Génération contre génération : le faux débat

Par :  Patrick Eric MAMPOUYA

 

Le problème de la responsabilité des générations est en fait un faux problème. Il marque, relève même, la légèreté des analyses sur les causes des difficultés que connait notre pays.

Ces courtes analyses montrent combien le combat politique de ceux qui en ont fait leur cheval de batail ne marque aucune consistance. Ces analyses accusent le caractère fragile du socle des convictions. Elle est le résultat d’une vue étriquée des causes du recul de la situation de notre pays. À cette allure, notre pays n’avancera pas et ne sortira jamais de l’impasse dans lequel l’a poussée le régime actuel.

D’ailleurs, depuis Pascal LISSOUBA, les gouvernements du Congo-Brazzaville impliquent un peu plus les jeunes générations dans la gestion de notre pays. Et ces jeunes sont ceux parmi les membres de ces gouvernements qui brillent par l’incivisme, les malversations, l’incompétence, la méchanceté, le mauvais exemple et même par les crimes économiques.

Malheureusement, les meilleurs sont, chaque fois écartés ou poussés à l’exil quand ils ne sont pas mis sous la responsabilité des médiocres. Les personnages brillantes se taisent ou baissent la tête soit pat lâcheté, soit par peur, soit encore pour conserver leur positions ou leurs besoins mercantiles, préférant ainsi s’asseoir sur leurs convictions et leurs savoirs en se trouvant des boucs émissaires pour se donner bonne conscience.

C’est à ce fait qu’il faut s’attaquer. Il faut dénoncer ces choix qui ne répondent qu’au clientélisme et qui tirent toutes les générations vers le bas. Ces gens qui crient, insultent, critiquent, se sont eux qui sont les plus mauvais quand ils arrivent aux affaires, quand ils sont mis à l’épreuve des caisses noires, du pouvoir sans contrôle et de la loi du plus fort (la force étant de leur coté).

Aujourd’hui, Monsieur Denis SASSOU NGUESSO ne fait pas le contraire de Monsieur Pascal LISSOUBA en matière d’utilisation de jeunes. D’ailleurs le premier fait mieux. Il dirige plus avec son clan, pour éviter d’être contrarié dans sa gestion. Il aligne en dessous ses enfants et des personnes qui ont l’âge de ses enfants ou encore l’âge de ses petits enfants, les bénis oui-oui, des personnes qui, malgré leur âge adulte se veulent tous des jeunes soutenus par la vieille génération d’avant la naissance du PCT.

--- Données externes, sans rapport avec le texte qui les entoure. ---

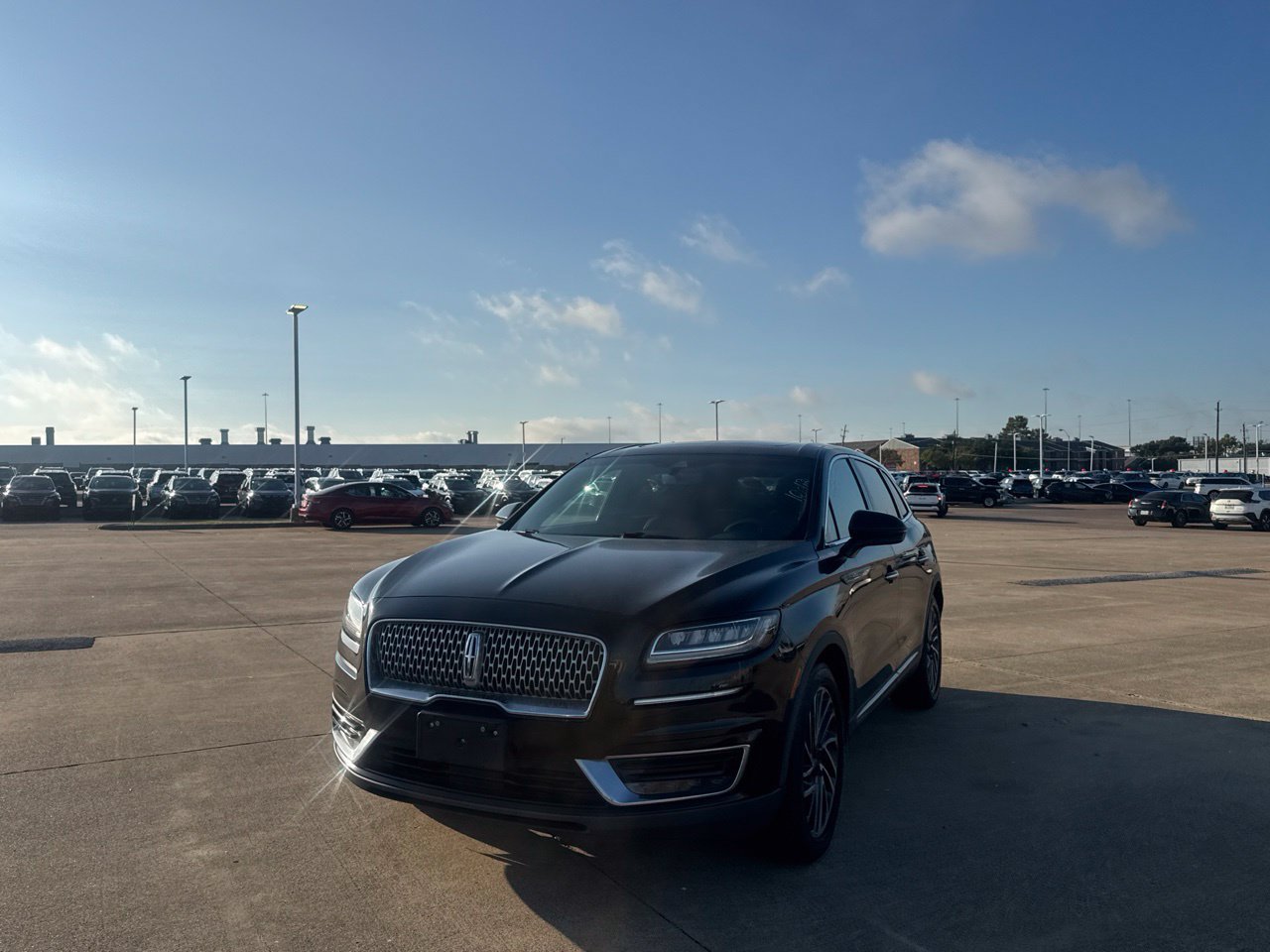 Used 2019 Lincoln Nautilus Reserve w/ Cargo Utility Package FWD image 11
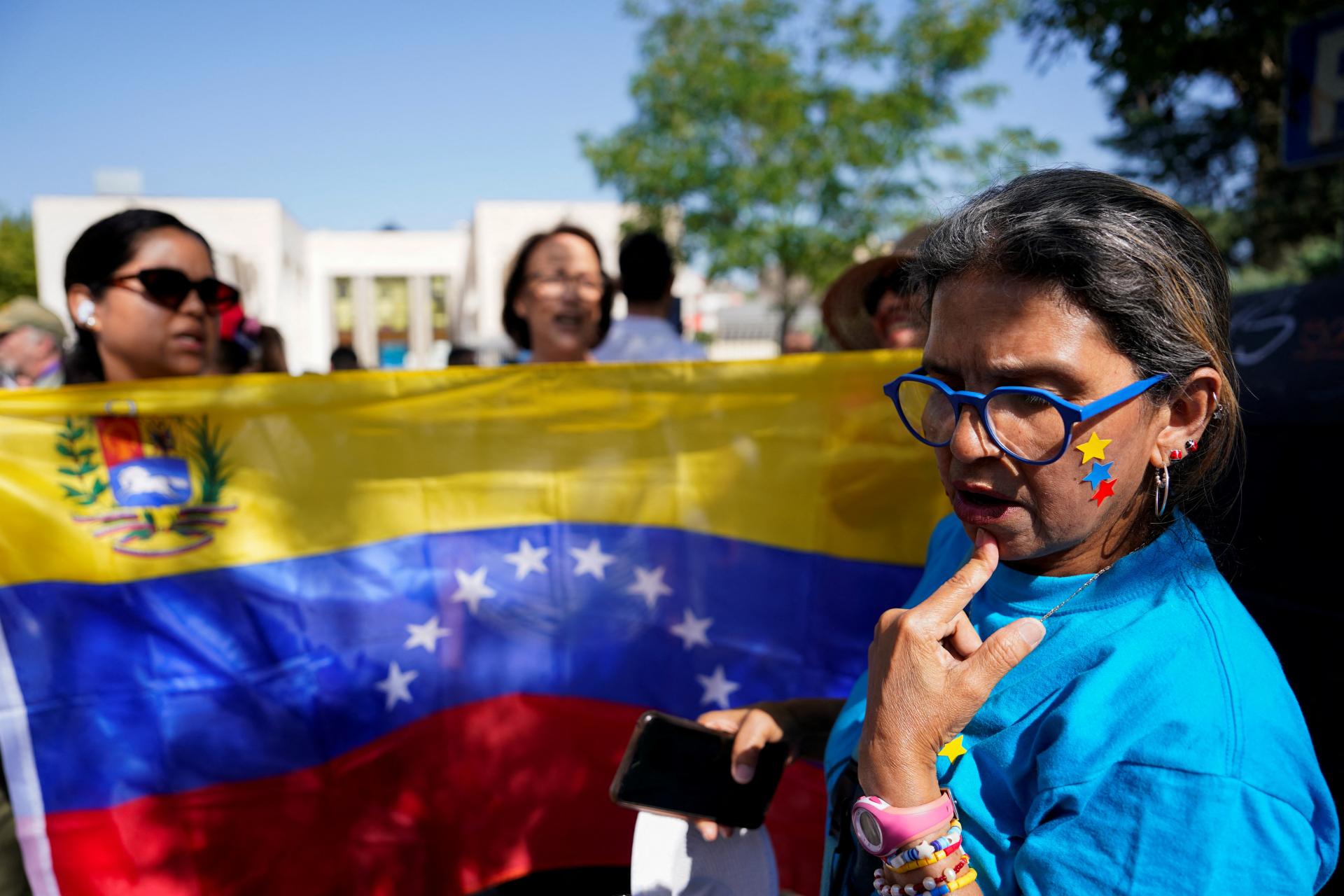 Venezuela si volí nového prezidenta, šancu má Maduro aj kandidát opozície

Sous Pascal LISSOUBA, regardons ceux qui étaient amenés au gouvernement. Parmi eux certains, après avoir embrouillé le daron, se sont empressés d’abandonner le navire. D’autres ont vite fait de changer de locomotive. Ils étaient ou sont encore entre autres des ministres, des ambassadeurs, tous étaient des soit disant jeunes.

Les parchemins universitaires ne suffisent pas pour faire de leurs détenteurs sans expériences, sans passé, sans histoire ; des gestionnaires habiles, compétents et exemplaires de la vie publique.

Pour lutter contre les délits et les crimes sociétaux qu’on nomme par antivaleurs par pudeur, il faut bien autre chose que d’être seulement jeunes et tout bardé de parchemins.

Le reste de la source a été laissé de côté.